NHS mandate welcomed by health bodies
14 November 2012
The new "historic" NHS mandate announced by the Health Secretary Jeremy Hunt has been welcomed by many of the key organisations in the health service.
Coming shortly after the positive reaction to the Department of Health's announcement of core values that GPs will be monitored against, the mandate will "help us all in health and social care as we move forward", the Association of Directors of Adult Social Services said.
President Sarah Pickup particularly praised its references to action following the abuse at Winterbourne View Hospital, as well as the commitments to improving the diagnosis, treatment and care for people with dementia.

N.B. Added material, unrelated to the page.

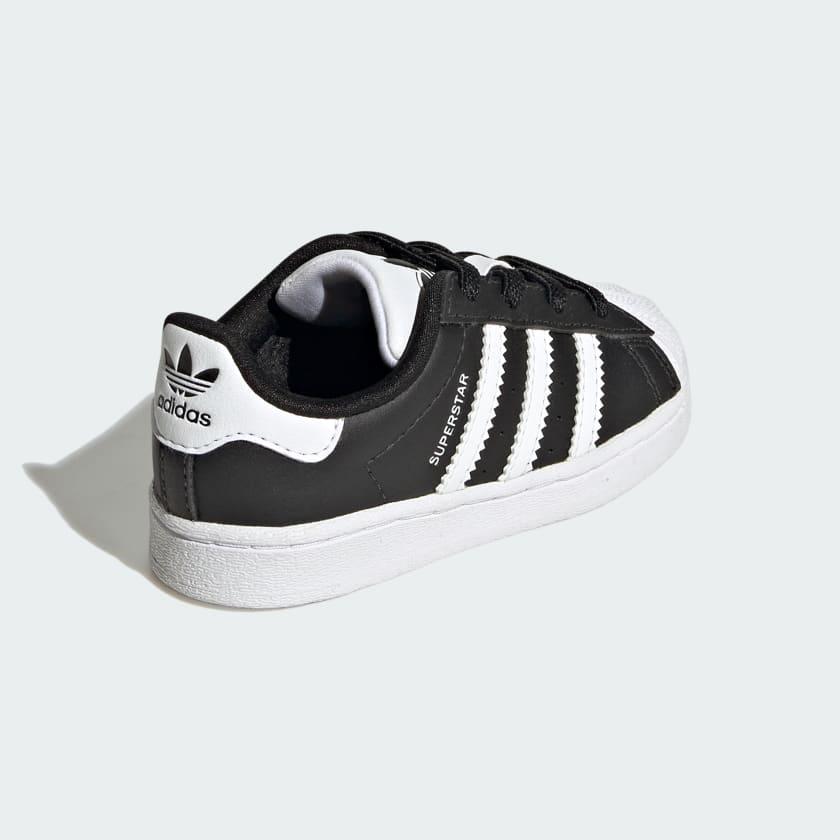 Buty_Superstar_Elastic_Lace_Kids_Czern_IG0268_05_standard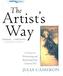 The Artist's Way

While a single outcomes framework for the NHS, social care and public health services would be preferable, she said, with all agencies moving further and faster together, Pickup said: "This mandate sets out the expectations of the NHS Commissioning Board in a way that can accommodate common objectives and the ways in which we need to work together in order to achieve them."
She also welcomed the way key messages in the mandate were consistent with aspirations in the care and support white paper and that prevention and recovery are key themes with respect to physical and mental health.
"There is a welcome focus on promoting and supporting effective local commissioning and engagement with councils and others. And on achieving for individuals, rather than organisations, with the emphasis falling on maintaining health and wellbeing," Pickup said.
Anna Dixon, director of policy at The King's Fund, said it was clear that ministers had listened to the concerns that were raised about the need for a clearer and more focused set of objectives. She was particularly pleased to see that mental health had been given parity with physical health.
Dixon "strongly" welcomed the clearer focus on improving the health of older people and those with long-term conditions. The mandate should be a catalyst in moving integrated care from a subject for discussion in the policy arena to making it happen at scale and pace across the country, she said.
"The mandate includes a strong focus on decentralisation and freeing up local organisations to innovate," Dixon said. "[But] the real test will be how this translates into practice, especially given the tight financial climate and need to maintain financial control."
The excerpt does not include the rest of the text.